This implementation uses an "undo log" approach to implement the "Simple Database Challenge". A data hash map stores all the key value pairs. Another hash map is used to store the count of each value. Each update (SET/UNSET) modifies the data hash map directly and update the count of the new and old value. The count of "null" value is not tracked.
Transaction is supported by a set of undo logs organized in a linked list. When a new transaction starts, a new undo log is added to the front of the undo log list. An undo log is a hash map itself that stores the original value for each key modified in the current transaction. When SET/UNSET is called the first time on a key, the key / original value pair will be added to the undo log and will not be changed again in the same transaction.
When rollback is called, the original values from the undo log will be set on the data hash map and the value counts will be adjusted in the same way during SET/UNSET. The undo log for the current transaction will then be removed from the undo log list.
When commit is called, we only need to clear the undo log list, as the data and value counts always reflect the latest state.
As hash map is used to store the data and value count, GET and NUMEQUALTO are O(1). BEGIN, SET and UNSET are also mainly get/put operations on the hash map and should be O(1).
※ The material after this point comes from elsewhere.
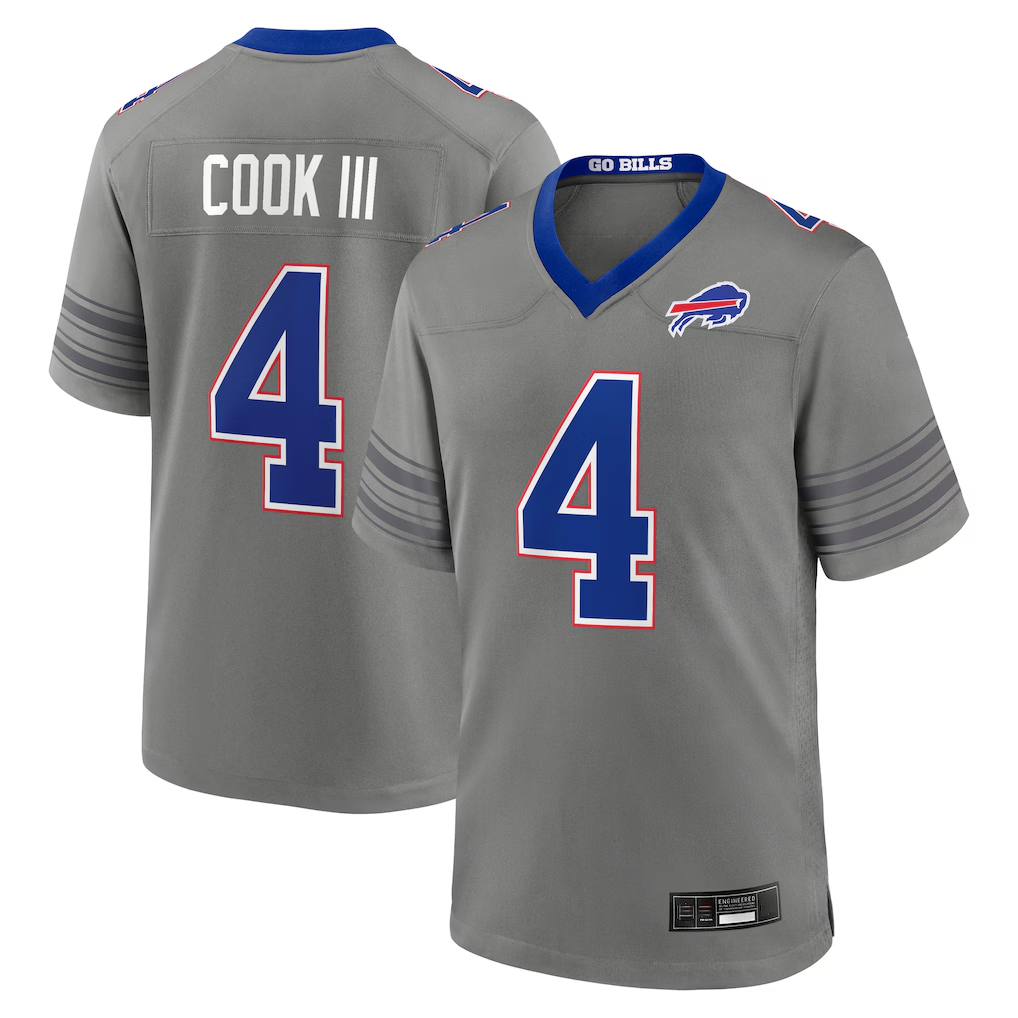 My Store B.Bills #4 James Cook III Gray Nickel City Game Stitched Jerseys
COMMIT only clears the undo log list, it's time will be constant. ROLLBACK's complexity will depend on the number of keys that need to be set. As the number of keys modified in a transaction is relatively small, the time will likely to be constant as well.
As the number of keys modified in a transaction is relatively small, the hash map memory footprint for each undo log will be small.
Two classes used in the implementation:
- SimpleDB class - It mainly handles input and output. It invokes DataStore class for data operations.
- DataStore class - It has internal data structures to store key value pairs and supports read/write operations and the transaction behaviors.
- Down load the files into a folder
- navigate to the bin sub folder in a terminal
- run
java SimpleDB
An alternative solution can use the "shadow value" approach, where the value modified in a nested transaction "shadows" the value in the nesting transaction. Depending on implementation, this approach may have the following limitations: (1) Iterative lookup for a variable across nested transactions. The time it takes to look up a variable may depend on the height of the transaction stack. (2) Special handling for UNSET. Need to a way to tell if the value is intentionally set to null in the current transaction or just not modified. (3) More work for COMMIT. When commit is invoked, we need to "fold" changes across the transaction stack and update related value counts. This could be a performance issue for a very high transaction stack.